[Captioned web images]
####################

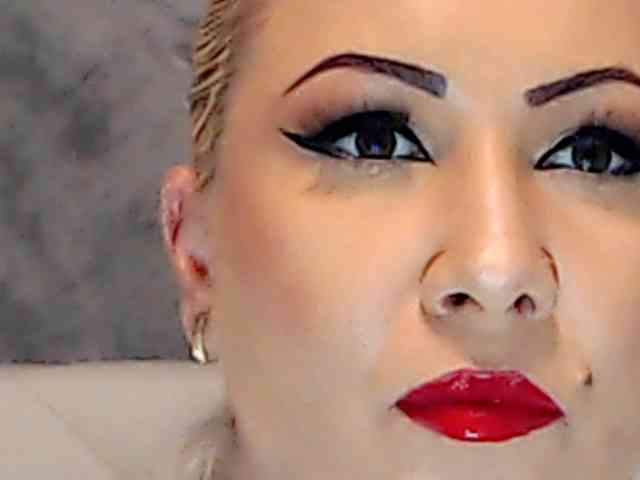 ClaudieTaylon webcam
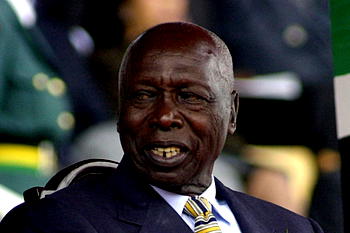 Kenyans queue to see body of Moi, country’s longest-serving ruler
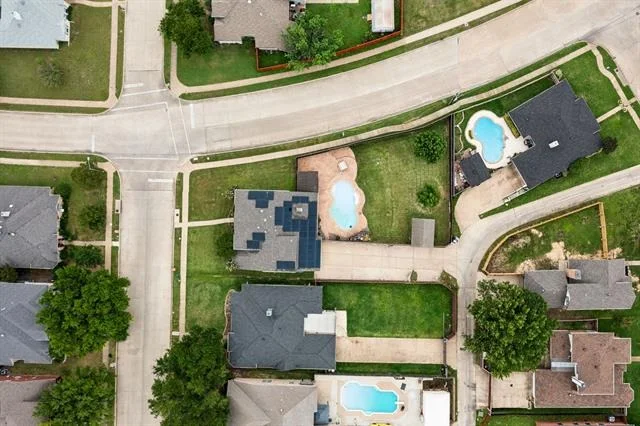 Photo of 918 E Grubb Drive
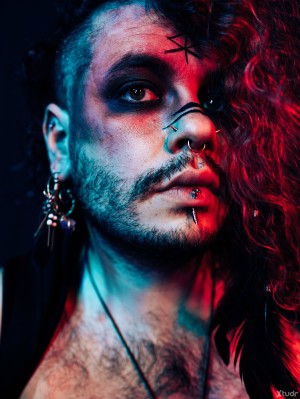 Xtudr - Sitri: 🦇🦄Gótico por fuera y un unicornio por dentro. El exceso es la tentación a la que nos somete el placer y yo estoy sometido a é...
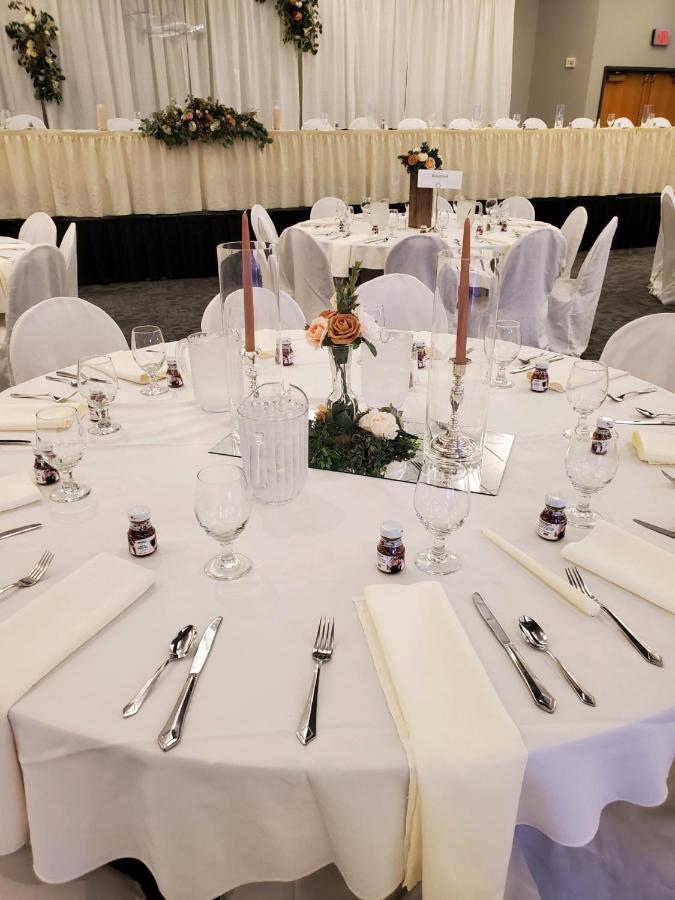 Crossroads Hotel And Huron Event Center Exteriör bild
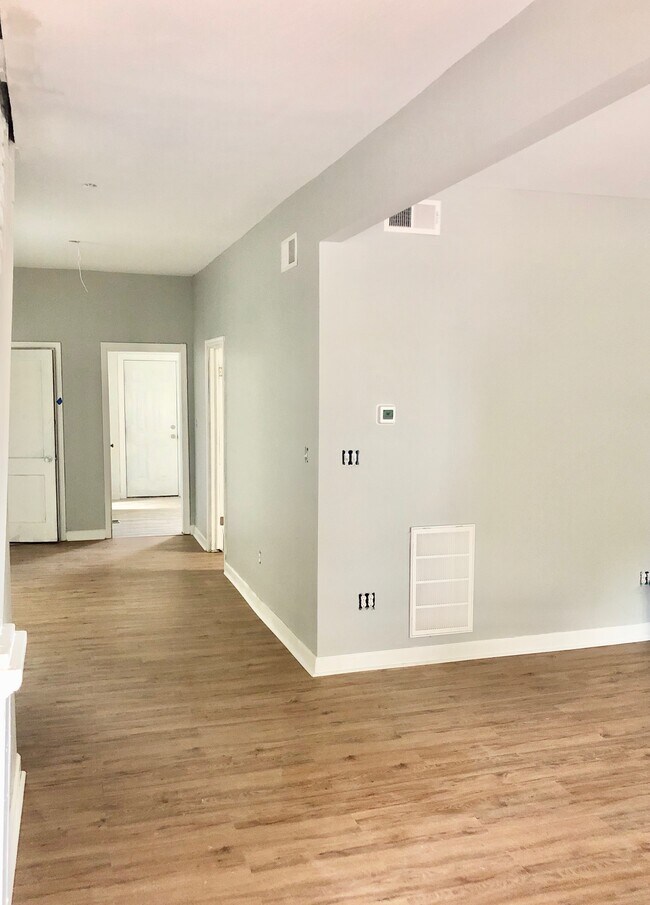 Building Photo - 1709 Everett St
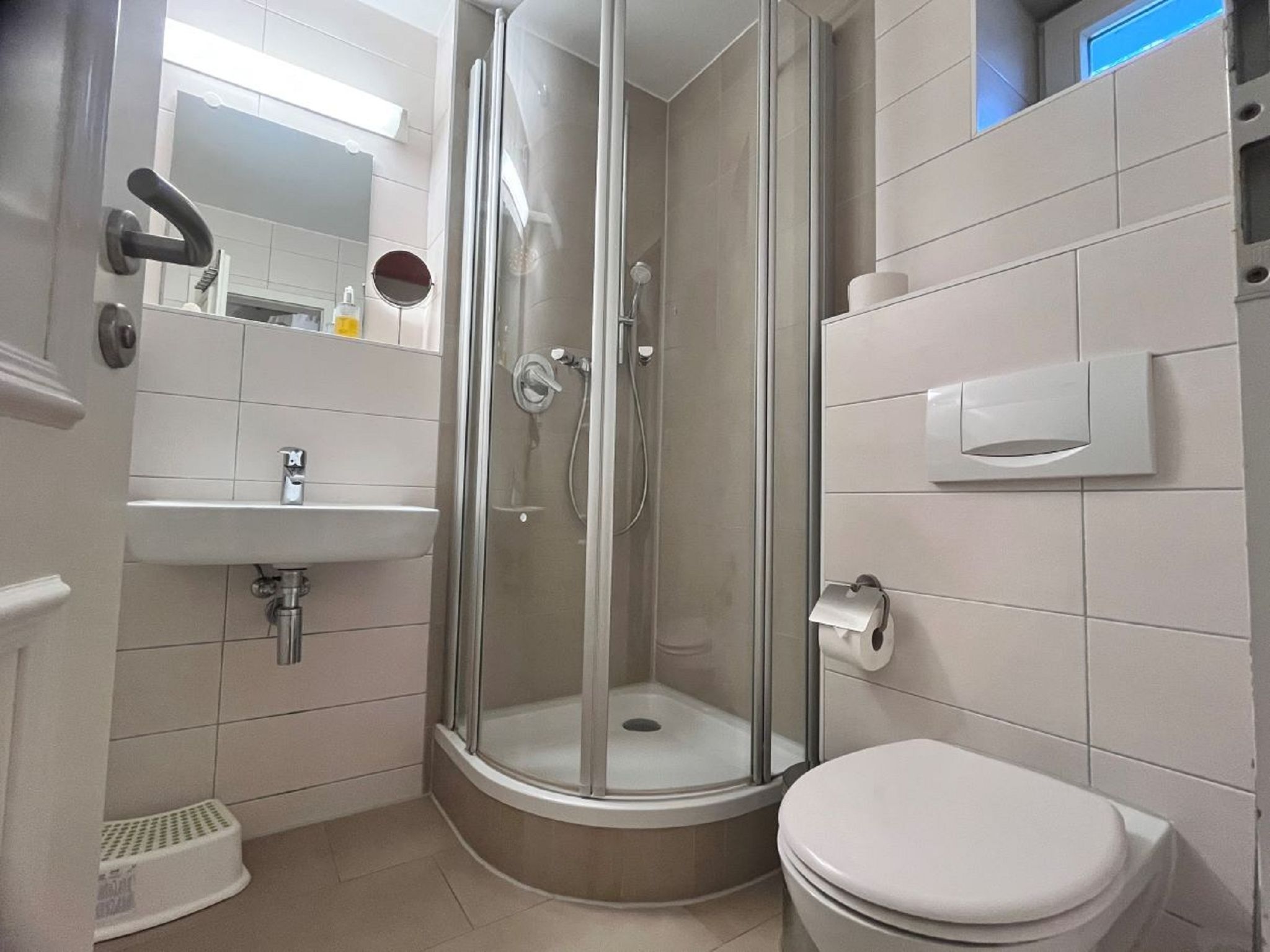 Feriendorf Rugana Komfort 1-Raum Ferienwohnung mit Terrasse (C11) Insel Rügen - Badezimmer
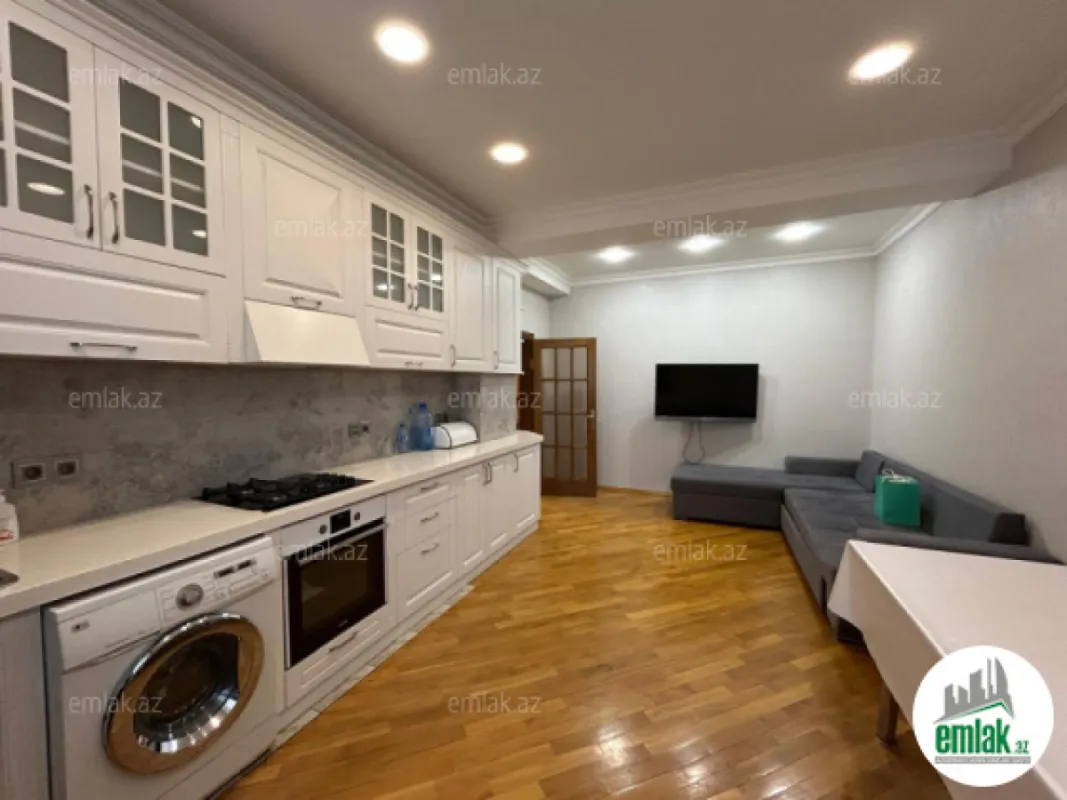 Satılır 3 otaqlı yeni tikili 157 m²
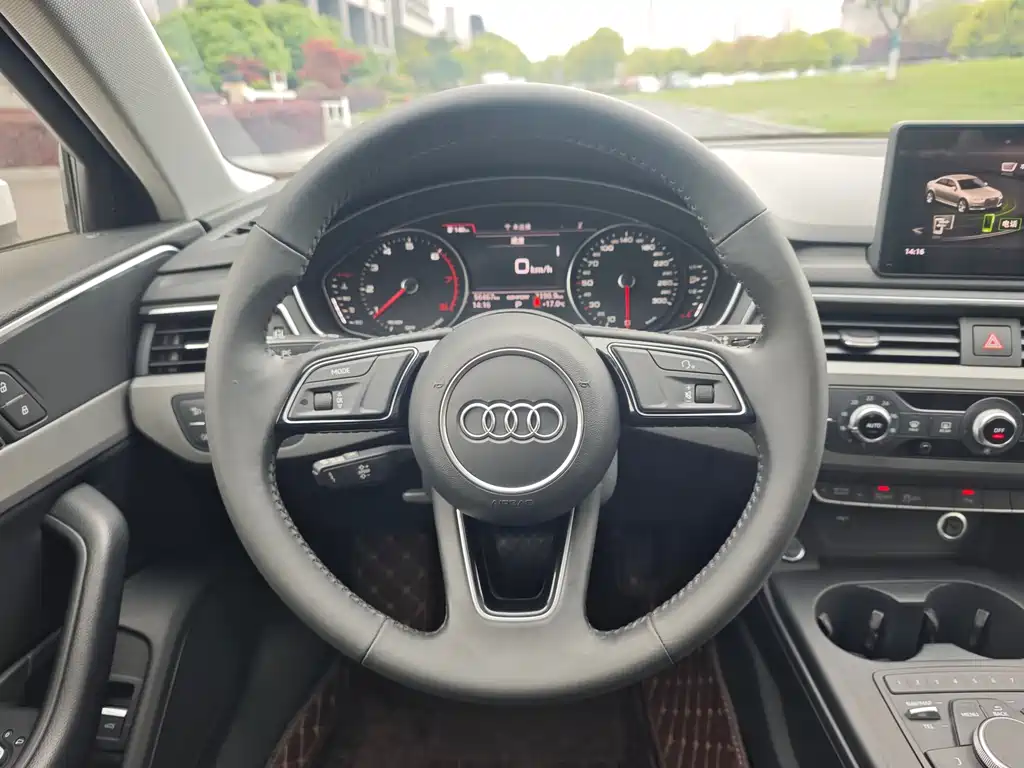 Audi A4L 2019 — фото 10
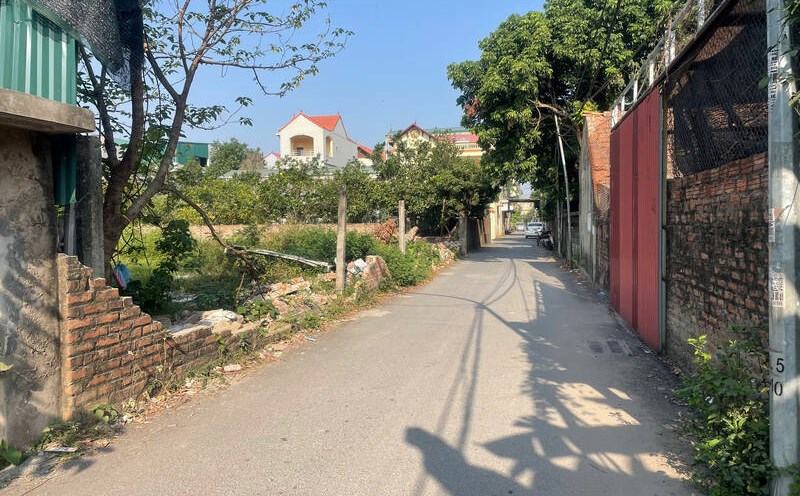Land plots along the Ring Road 4 project (Hanoi) are being pushed up in price. Photo: Le Tam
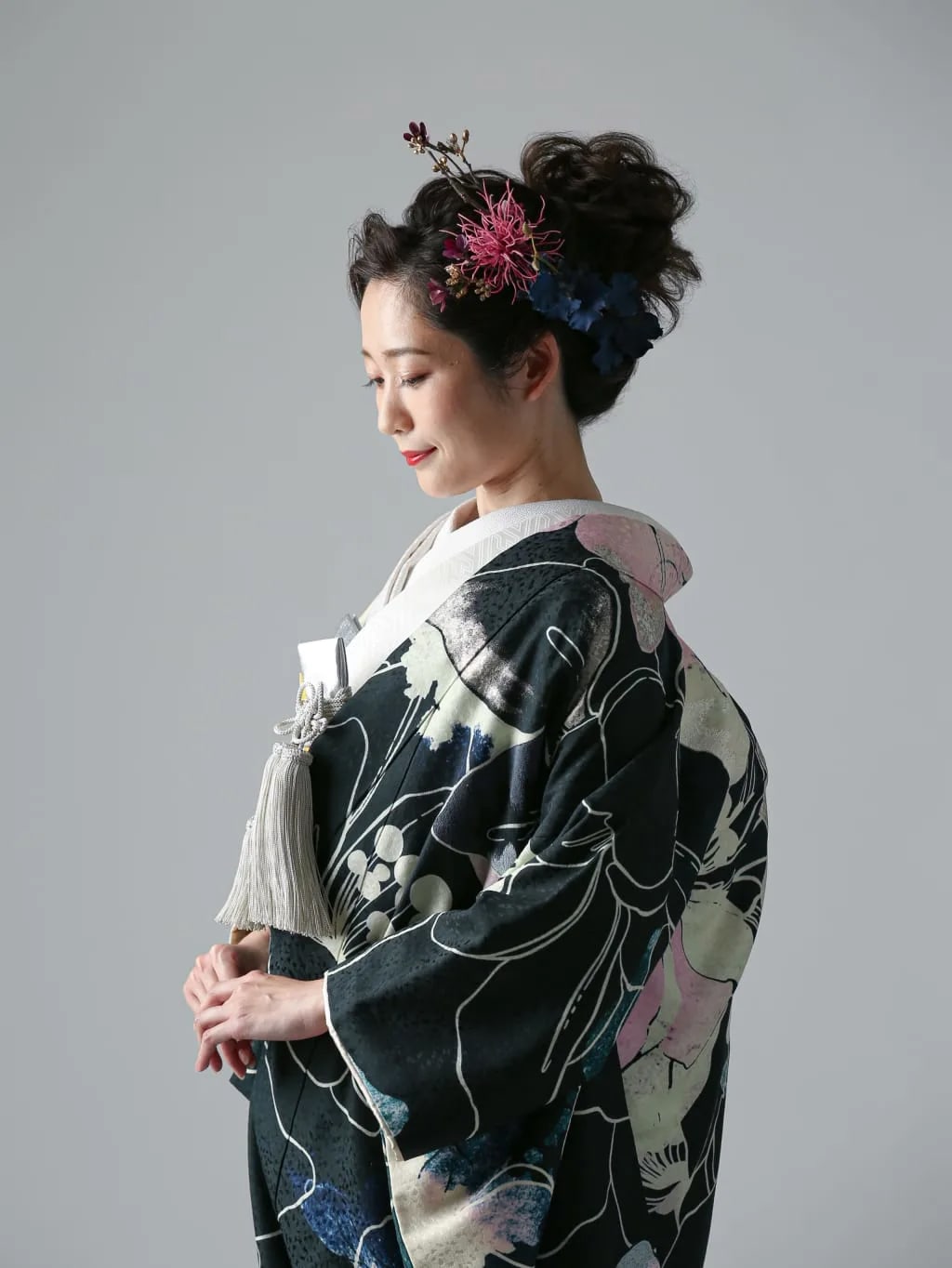 紺地赤花図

####################

- _EXERCISE DESCRIPTION_:
Retype the records above exactly, pictures omitted.

- _ANSWER BOX_:
 ClaudieTaylon webcam
 Kenyans queue to see body of Moi, country’s longest-serving ruler
 Photo of 918 E Grubb Drive
 Xtudr - Sitri: 🦇🦄Gótico por fuera y un unicornio por dentro. El exceso es la tentación a la que nos somete el placer y yo estoy sometido a é...
 Crossroads Hotel And Huron Event Center Exteriör bild
 Building Photo - 1709 Everett St
 Feriendorf Rugana Komfort 1-Raum Ferienwohnung mit Terrasse (C11) Insel Rügen - Badezimmer
 Satılır 3 otaqlı yeni tikili 157 m²
 Audi A4L 2019 — фото 10
Land plots along the Ring Road 4 project (Hanoi) are being pushed up in price. Photo: Le Tam
 紺地赤花図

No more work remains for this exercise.